**** Given material ****
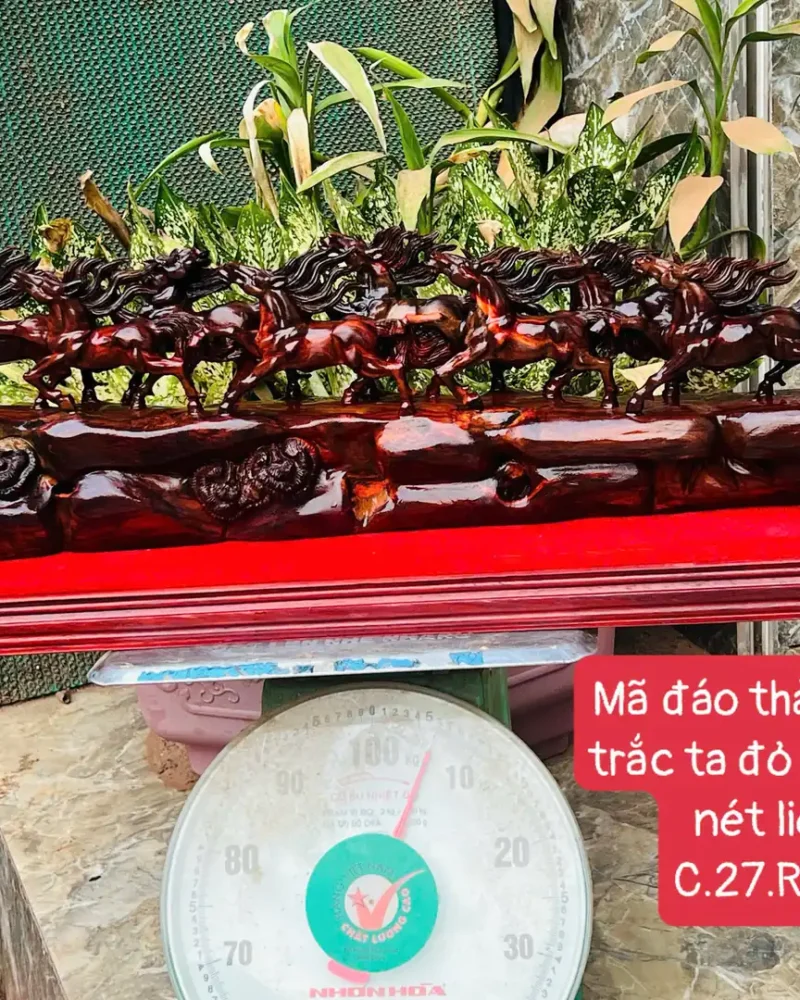 ma-ao-thanh-G6066-1 Tượng Mã Đáo Thành Công Gỗ Trắc Ta Đỏ Đen Hàng Kỹ Nét Liền Khối G6066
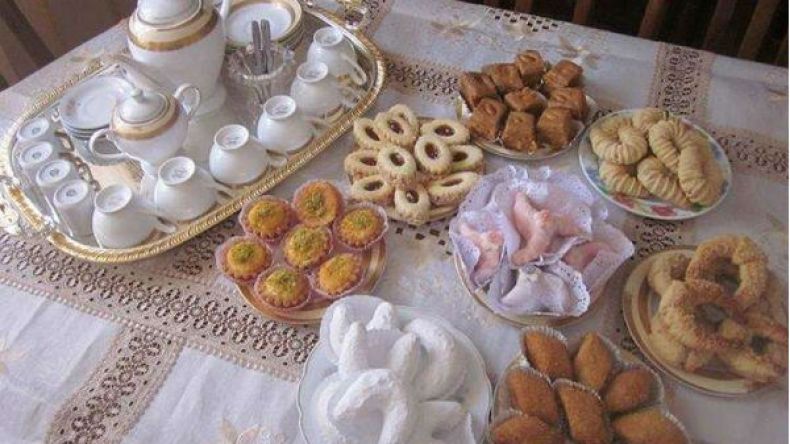 مقروط السنيوة، مشوك العسل، مثلثات اللوز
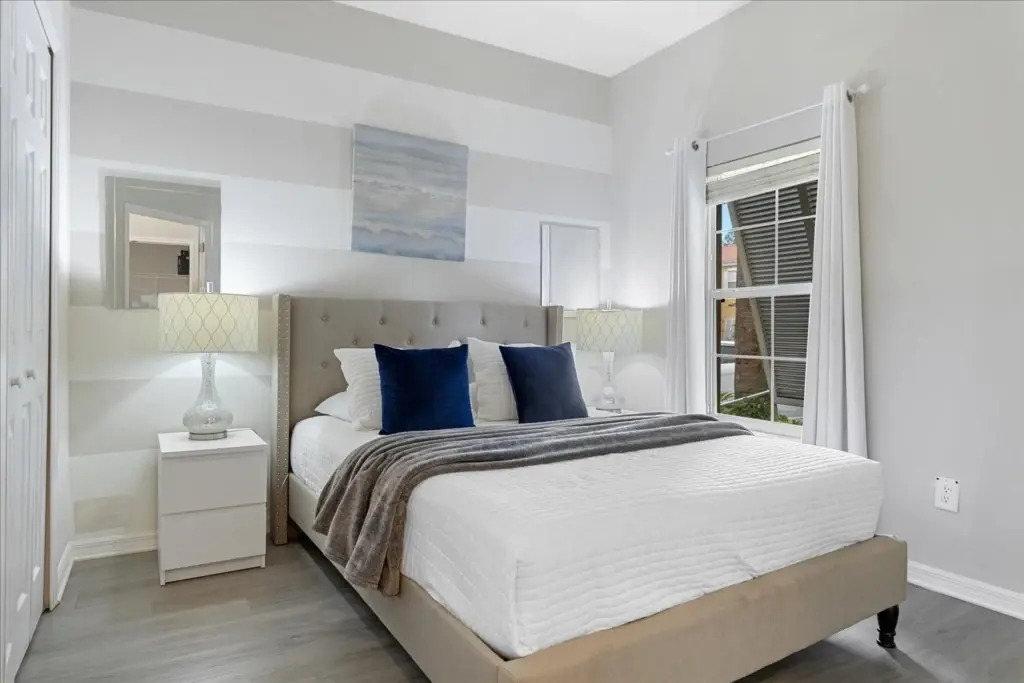 4 Bedrooms 3 Bathrooms Encantada 8549 Bl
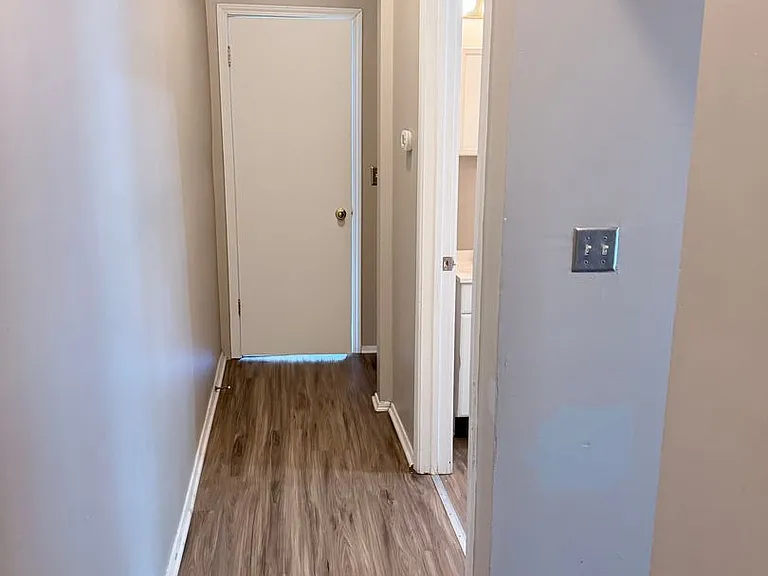 1031 Hartford St — Photo 13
****
* [Goal of the exercise]
Give back the listing word for word, minus its images.

* [Reply]
 ma-ao-thanh-G6066-1 Tượng Mã Đáo Thành Công Gỗ Trắc Ta Đỏ Đen Hàng Kỹ Nét Liền Khối G6066
 مقروط السنيوة، مشوك العسل، مثلثات اللوز
 4 Bedrooms 3 Bathrooms Encantada 8549 Bl
 1031 Hartford St — Photo 13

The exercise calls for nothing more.